Sino-European Project on SARS Diagnostics and Antivirals

Combatting and eventually eradicating the new coronavirus causing Severe Acute Respiratory Syndrome (SARS) requires specific and efficient antiviral drugs and improved diagnostics. The SEPSDA was an integrated project that applied modern biotechnical technology to create improved diagnostics and lead compounds for antiviral drugs.

Analysis of the genome and the proteome of SARS coronavirus by sequencing and advanced bioinformatics helped determine the genetic variability of the virus isolates and identify new possible targets for therapeutic intervention, both at the RNA and the protein level. SEPSDA aimed at determining the three-dimensional structures of all soluble SARS-CoV proteins or domains thereof. This structural genomics approach provided the basis for the virtual screening of large compound databases, including those containing Chinese traditional medicines, for molecules potentially interfering with the function of the viral proteins or their interaction partners in the host cell. Candidate inhibitors were tested in cell culture and improved by synthetic chemistry.

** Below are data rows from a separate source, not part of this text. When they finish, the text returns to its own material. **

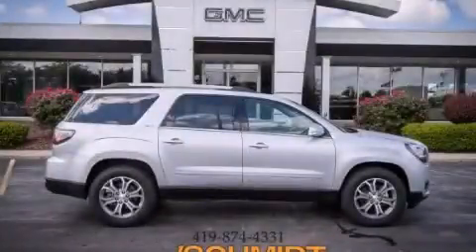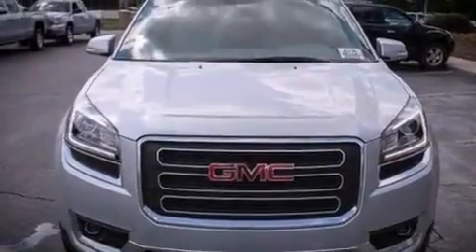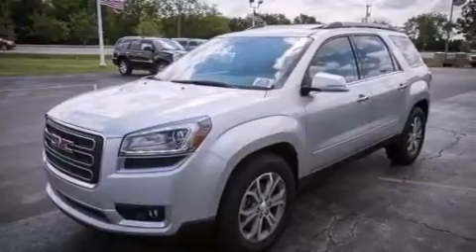This is a brand new 2014 GMC Acadia, a luxurious package designed with the finest elements in mind. It has a 3.6-liter six-cylinder engine and an automatic transmission.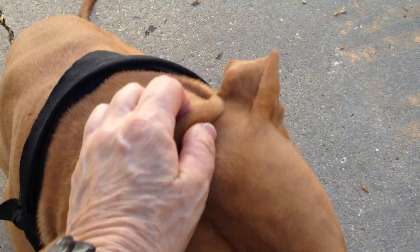Yeah, he did. And he takes treats so gently. Such a sweet guy. Seems to be house trained.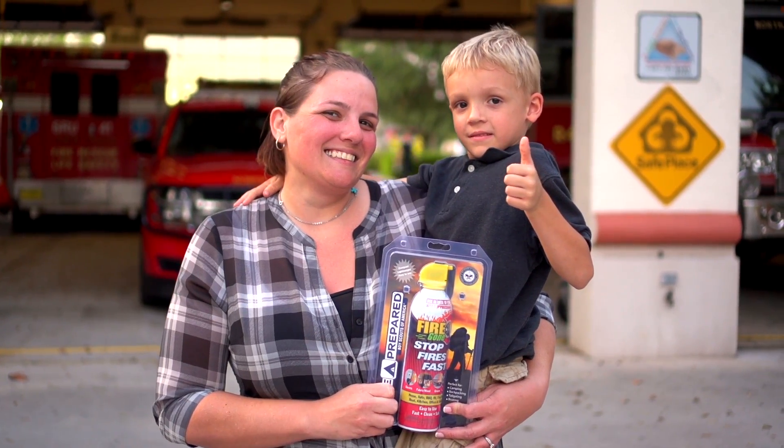Fire Gone is a great product. I keep one in my car, I keep one in my kitchen, and it's endorsed by the Boy Scouts of America.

The consortium determined the three-dimensional structures of many replicas proteins of the virus by X-ray crystallography. Based on these target structures, it discovered about 50 non-toxic chemical compounds with activity against the virus; five of these were developed into lead compounds and are ready for preclinical and clinical testing in case of a new outbreak of SARS or another Coronavirus-caused epidemic. Also, SEPSDA has significantly improved the existing diagnostics for SARS and introduced differential diagnostics allowing the rapid and reliable distinction between the disease and other forms of viral pneumonia.